Civic group leaders call for the dissolution of the United Nations Command (UNC) at the National Assembly on Sept. 17. (Yonhap News)

United Nations Command pushes involvement in crisis management on Korean Peninsula

South Korea’s Ministry of National Defense and the United Nations Command (UNC) have initiated high-level deliberations in order to address a disagreement over the status and role of the US-led UNC after wartime operational control, or OPCON, of the South Korean military is returned to Seoul. During a command post exercise that was recently carried out by South Korea and the US, the two sides reportedly debated whether the UNC would participate in crisis management on the Korean Peninsula following the OPCON transfer and whether the UNC would exercise command over the future Combined Forces Command (CFC), which will be led by a South Korean four-star general.

“The Defense Ministry’s policy chief recently met the UNC deputy commander and traded opinions about a number of issues related to the UNC,” Defense Ministry spokesperson Choi Hyun-soo said on Sept. 17.

“The role of the UNC is to ensure compliance with the armistice agreement in accordance with UN Security Council resolutions and to provide troops to the CFC in the event of war. The two officials discussed our respective opinions on these matters,” Choi said. Though Choi didn’t state this explicitly, his remarks suggest that the discussion also covered the recent debate over the UNC’s role.

The Defense Ministry appears to have arranged the high-level deliberations with the UNC after concerns were raised that the US is attempting to turn the UNC into a body for controlling the South Korean military. If a war broke out on the Korean Peninsula after the OPCON transfer and the UNC decided that the war represented only a violation of, and not the nullification of, the armistice agreement, it could override the operational control otherwise exercised by the future CFC, led by the South Korean military.

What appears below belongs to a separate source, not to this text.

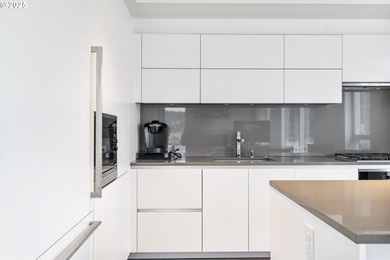 Bright contemporary 2 bedroom, 2.5 bathroom condo with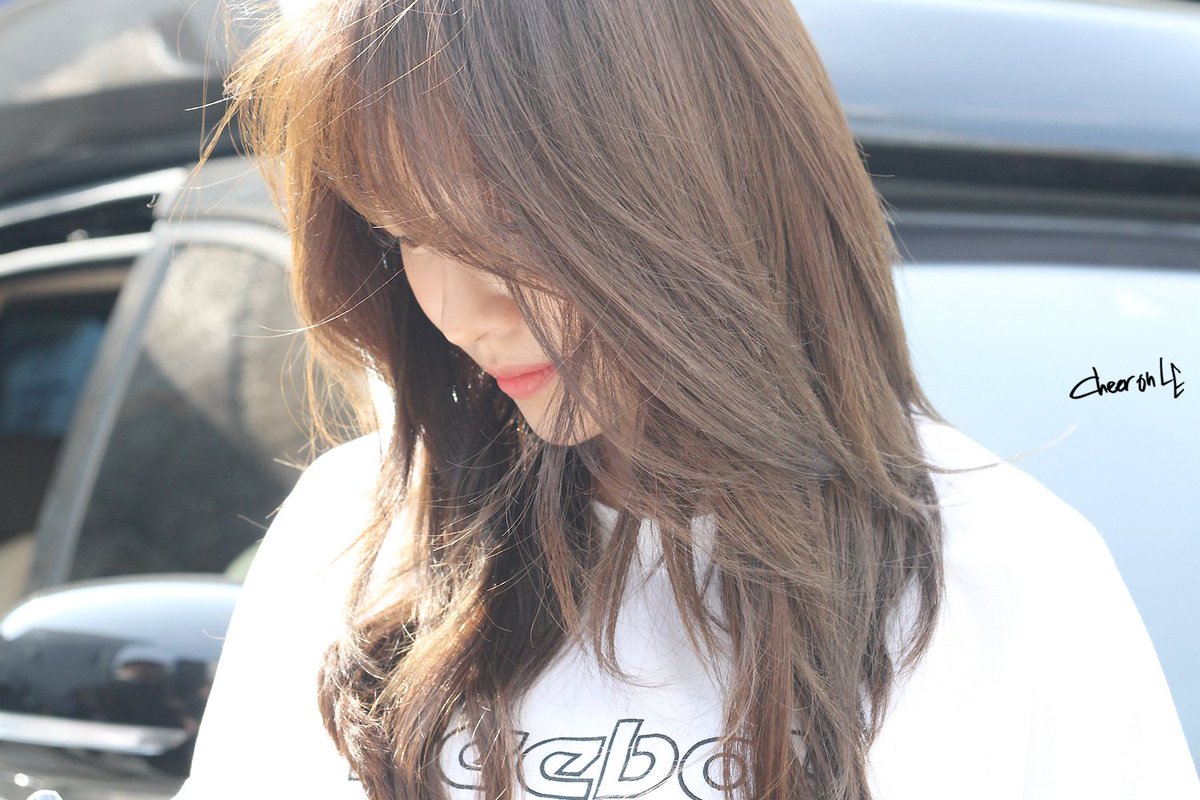 hourIyhani's tweet photo. #하니 #HANI https://t.co/5J0HUOe0U6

The Terms of Reference (TOR) reached by the South Korean Joint Chiefs of Staff, the UNC, and the CFC at the time of the CFC’s establishment in 1978 apparently includes a clause stating that the CFC must respect the authority of the UNC and comply with requests aimed at maintaining the armistice agreement.

Other circumstances that have received attention are the recent appointment of Canadian and Australian generals as deputy commander of the UNC, a position formerly held by the commander of US Forces Korea (USFK), and the assignment of an American general who is not part of USFK to UNC’s chief of staff. Concerns have been raised that the US is attempting to decouple the UNC from USFK in order to turn it into a multilateral military body that can control the South Korean military. In the Korean translation of a 2019 military digest recently published by USFK, the US said it would strengthen military cooperation with Japan, sparking a debate about whether the US intends to treat Japan as a UNC “sending state.”

South Korea’s Defense Ministry and the UNC are reportedly in agreement about institutionalizing the high-level deliberations. “We also have a lot of opinions to share with the UNC in regard to matters such as the implementation of the Comprehensive Military Agreement [reached on Sept. 19, 2018]. My understanding is that some kind of understanding was also reached about deliberating these issues through a high-level framework,” said a source at the Defense Ministry.